+++ DATA EXCERPTS +++

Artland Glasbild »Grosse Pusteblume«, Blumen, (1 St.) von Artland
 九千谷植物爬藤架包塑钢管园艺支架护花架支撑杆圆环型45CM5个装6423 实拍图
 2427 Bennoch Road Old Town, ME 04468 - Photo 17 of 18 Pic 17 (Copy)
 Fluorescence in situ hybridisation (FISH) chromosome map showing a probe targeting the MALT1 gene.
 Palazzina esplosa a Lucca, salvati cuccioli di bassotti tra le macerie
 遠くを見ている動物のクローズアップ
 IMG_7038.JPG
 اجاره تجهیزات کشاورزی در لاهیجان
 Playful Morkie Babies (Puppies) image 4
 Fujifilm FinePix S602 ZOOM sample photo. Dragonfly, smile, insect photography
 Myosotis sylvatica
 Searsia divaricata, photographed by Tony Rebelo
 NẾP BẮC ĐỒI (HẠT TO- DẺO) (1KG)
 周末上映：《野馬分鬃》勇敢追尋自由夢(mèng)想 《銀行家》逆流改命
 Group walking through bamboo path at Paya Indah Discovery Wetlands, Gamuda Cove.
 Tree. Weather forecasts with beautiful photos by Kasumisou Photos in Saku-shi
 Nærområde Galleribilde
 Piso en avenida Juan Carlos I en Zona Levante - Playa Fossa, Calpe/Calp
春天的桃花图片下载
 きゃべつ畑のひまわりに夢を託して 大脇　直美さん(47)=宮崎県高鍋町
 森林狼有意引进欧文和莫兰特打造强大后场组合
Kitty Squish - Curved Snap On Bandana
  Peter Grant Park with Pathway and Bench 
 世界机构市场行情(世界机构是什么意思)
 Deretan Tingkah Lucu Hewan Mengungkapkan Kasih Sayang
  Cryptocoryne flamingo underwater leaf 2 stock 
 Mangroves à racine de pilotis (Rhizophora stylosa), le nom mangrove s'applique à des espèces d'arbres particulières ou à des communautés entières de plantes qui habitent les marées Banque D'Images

+++

◆ THE TASK
All that should be written out is the stretch of lines above between the one holding "Searsia divaricata, photographed" and the one holding "Nærområde Galleribilde", inclusive, exactly as given.

◆ RESPONSE AREA
 Searsia divaricata, photographed by Tony Rebelo
 NẾP BẮC ĐỒI (HẠT TO- DẺO) (1KG)
 周末上映：《野馬分鬃》勇敢追尋自由夢(mèng)想 《銀行家》逆流改命
 Group walking through bamboo path at Paya Indah Discovery Wetlands, Gamuda Cove.
 Tree. Weather forecasts with beautiful photos by Kasumisou Photos in Saku-shi
 Nærområde Galleribilde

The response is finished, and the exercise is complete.